A series of fortuitous events had led me to wade up to my nethers in an increasingly chilly English Channel.
Here I was, pushing my lad out to sea in an outboard motor-driven, rigid dinghy that he’d saved up for and bought himself.
It was our third attempt at launching this bloody thing. The boat’s a little worn but in perfectly good nick. It was most definitely our shared incompetence and not the aged imperfections of the equipment causing the grief..
One last shove and off he went…
As he rowed away, out of my wading depth, and lowered the motor, ready to start the boat, cold anticipation crashed over me, literally. I was about to let my 16-year-old boy loose in the sea, the captain of his very own ship.
It is a metaphor that most certainly isn’t lost on me - not in the moment and even less so now. The thing is, he is more man than boy, and that’s when you have to let them go; all you can do is be there. It’s the epitome of bittersweet. You’re sad because your child is all but gone; you’re so very proud because the man he will become is shining through. Of course, you are still needed and will likely always be needed…it’s just a bit different, that’s all.
So, back to the freezing cold channel and the man-boy in the boat…
Try as he did, the engine wouldn’t start, two-stroke, petrol-oil mix all good but not even a splutter of blue smoke as he pulled the rip-chord time and again.
By now he’s drifting, the current pushing him 500 metres or so along the beach, and maybe 300 metres out to sea…it’s not happening; it’s getting dark, and as one with a mildly neurotic disposition around safety, everything’s become a bit squeaky bum time for me tbh. I’m about to call it and signal him to shore when he pulls the plug on today’s aquatic adventure himself and starts heading for the beach.
An attempt to take to the open ocean has ended in failure for the third time. Or has it?

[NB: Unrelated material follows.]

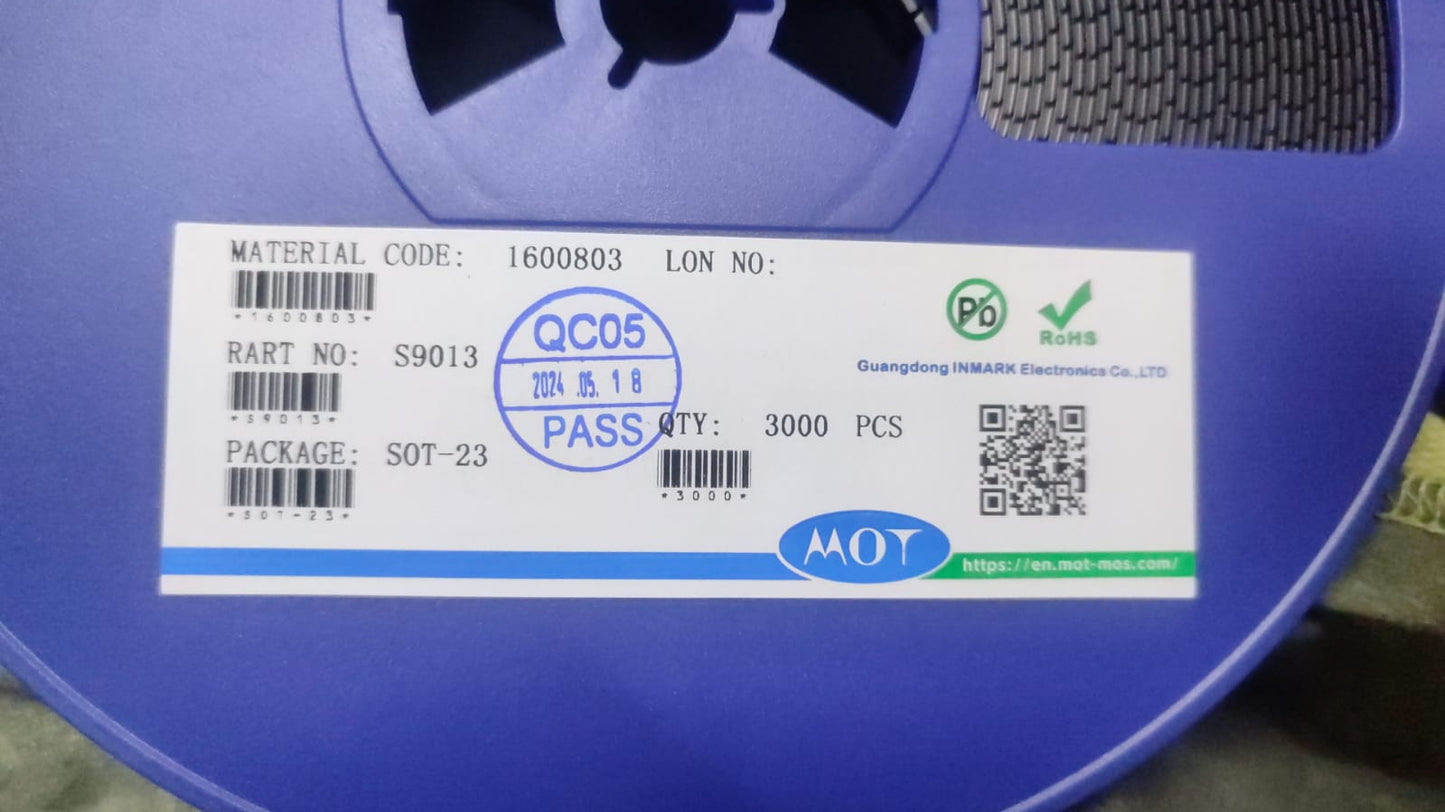 S9013 SOT-23 J3 transistor 500mA NPN 9013 SMD MOT INMARK ETA2312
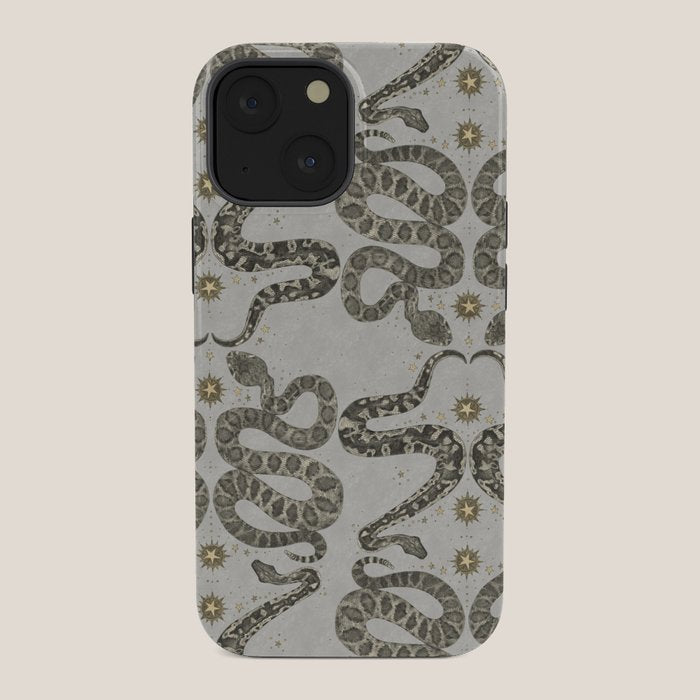 celestial snakes silver iPhone Case Gallery Image 34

I jogged along the beach to help him haul his ship out of the water and as we dismounted the engine, deflated the boat and loaded it all into the car for the third time that week without having really got going, I was struck by just how much I was enjoying this.
I approached the subject of disappointment, but he said the learning and the fact that we were doing this together made it easier. He didn’t particularly mean that it was my fatherly presence, rather there being two of us made it easier. But that’s the point isn’t it. Doing something together, regardless of familial relationships, makes even difficult and emotionally challenging things easier.
We’ll likely not have another chance until the late spring now and that bothers me a bit. I don’t know if it was the elemental nature of it, the male bonding thing or my need to continue to be a father… perhaps it is all three. Whatever the rationale, a third failed launch has proven a resounding success for me.
No one teaches you to be a parent. All we can do is let them go when the time is right, and when they start to drift, be there, ready to help them out and get them ready for another day. And if I can keep being here to do that then there’s not a lot more I could ask for in life, really.